Then the movie turns to "Nonfiction," where we meet the real red herring of the film, would-be documentary filmmaker Toby Oxman (Paul Giamatti). Toby is a nonachieving nerd, still floundering in his 30s, calling up a girl from his high-school class in a pathetic attempt for a date. He comes up with the idea of making a film about a real high-school student and chooses Scooby Livingston (Mark Webber), a stoner from a prosperous upper-middle-class New Jersey family who's headed for early burnout. Asked what he'd like to do when he grows up, Scooby spins fantasies of becoming Conan O'Brien's sidekick. Toby films Scooby and his family, ignoring the criticisms of his editor (Franka Potente, who seems like the only real person in the movie) that he's playing them for cheap laughs. And that judgment is confirmed when Scooby sneaks into a New York screening of Toby's film and hears the hip, invited audience roaring with laughter at him and his family.
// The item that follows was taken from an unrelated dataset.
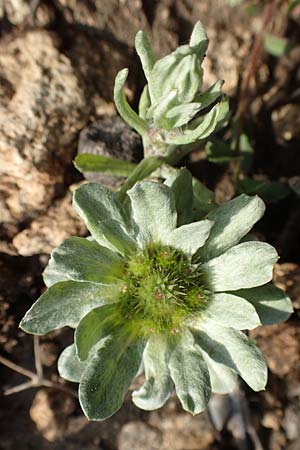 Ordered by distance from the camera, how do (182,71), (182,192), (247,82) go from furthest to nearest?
1. (247,82)
2. (182,192)
3. (182,71)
Even more explicitly about how an artist feeds into the reaction of his work, "Nonfiction" offers a seemingly clear stand-in for Solondz in Toby Oxman. And the presence of Mike Schank -- the damaged scratch-ticket devotee in "American Movie" who appears in a bit part here -- would seem to be further evidence of Solondz's critique of how filmmakers use real people as fodder. (Oxman even calls his film "American Scooby.") In an interview in last Sunday's New York Times, Solondz admits to being "unsettled" by "American Movie." "People were laughing, uproariously," he says, "and you have to question what that laughter is about." He goes on: "Obviously the laughter that is most valuable is the laughter of recognition."
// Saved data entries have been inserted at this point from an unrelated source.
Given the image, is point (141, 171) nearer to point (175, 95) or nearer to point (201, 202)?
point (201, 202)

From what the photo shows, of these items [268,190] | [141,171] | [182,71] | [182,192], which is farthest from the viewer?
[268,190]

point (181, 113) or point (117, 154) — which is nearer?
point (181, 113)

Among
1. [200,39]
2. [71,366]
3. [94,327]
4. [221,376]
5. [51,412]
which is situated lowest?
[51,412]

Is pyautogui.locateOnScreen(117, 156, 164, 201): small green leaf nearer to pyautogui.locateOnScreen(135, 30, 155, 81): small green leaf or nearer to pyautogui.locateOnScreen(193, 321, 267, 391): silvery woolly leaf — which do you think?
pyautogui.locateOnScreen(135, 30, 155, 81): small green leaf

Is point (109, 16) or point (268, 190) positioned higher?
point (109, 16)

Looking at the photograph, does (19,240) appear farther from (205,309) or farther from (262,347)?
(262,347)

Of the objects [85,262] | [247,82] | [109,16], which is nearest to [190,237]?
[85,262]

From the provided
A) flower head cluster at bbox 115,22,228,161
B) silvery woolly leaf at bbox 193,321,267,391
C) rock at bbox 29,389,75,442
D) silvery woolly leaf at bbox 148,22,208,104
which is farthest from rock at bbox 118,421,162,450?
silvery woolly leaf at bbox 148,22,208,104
But where is the laughter of recognition in Solondz's movies? It's certainly not in the scene in "Welcome to the Dollhouse" where we are invited to laugh at the hysteria and gaucherie of a woman whose little girl has been kidnapped. And it's certainly nowhere to be found in "Storytelling." (The audience I saw it with laughed loudly when Mike Schank appeared -- as if to say, "Can you believe this guy is working?") It's not Toby Oxman, who presents Scooby and his family (headed by John Goodman and Julie Hagerty) as screaming, kitsch-ridden grotesques. (The caricatures of this family, particularly the obnoxious, spoiled little prince of a son played by Jonathan Osser, are anti-Semitic caricatures of Jews as brash, vulgar loudmouths.) And it's not Vi who depicts her handicapped boyfriend as self-pitying and needy, or her writing teacher as Mandingo by way of the Iowa Writers Program.
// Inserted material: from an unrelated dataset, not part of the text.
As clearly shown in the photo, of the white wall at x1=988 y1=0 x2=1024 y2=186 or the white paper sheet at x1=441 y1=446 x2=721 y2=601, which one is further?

"Storytelling" doesn't represent any advance in sensibility for Todd Solondz. He's still working in the cinema of hurt feelings, getting his revenge on the people who tormented him in school, the family that didn't understand him, the Jersey suburbs that oppressed him with their stultifying sameness and falsely cheery veneer. (And given the fact that Solondz's cinematic acts of revenge have won him all sorts of acclaim, you'd think he might be grateful to those people -- and to Jersey -- for advancing his career.) But "Storytelling" is a considerable leap forward in terms of sheer duplicitous craftiness. To the list of people who have mocked or misunderstood him, Solondz now adds critics and hipster moviegoers who, he contends, are guilty of seeing contempt in the people he claims to have depicted nonjudgmentally. Forget the college writing student mining her life for material, or the documentary filmmaker using his subjects; the real stand-in for Solondz in "Storytelling" is Scooby's horrid, spoiled little brother Mikey, who hypnotizes his father in order to get his way. Is there any other explanation for why sensible adults would reward Solondz's childish, self-centered whining with praise?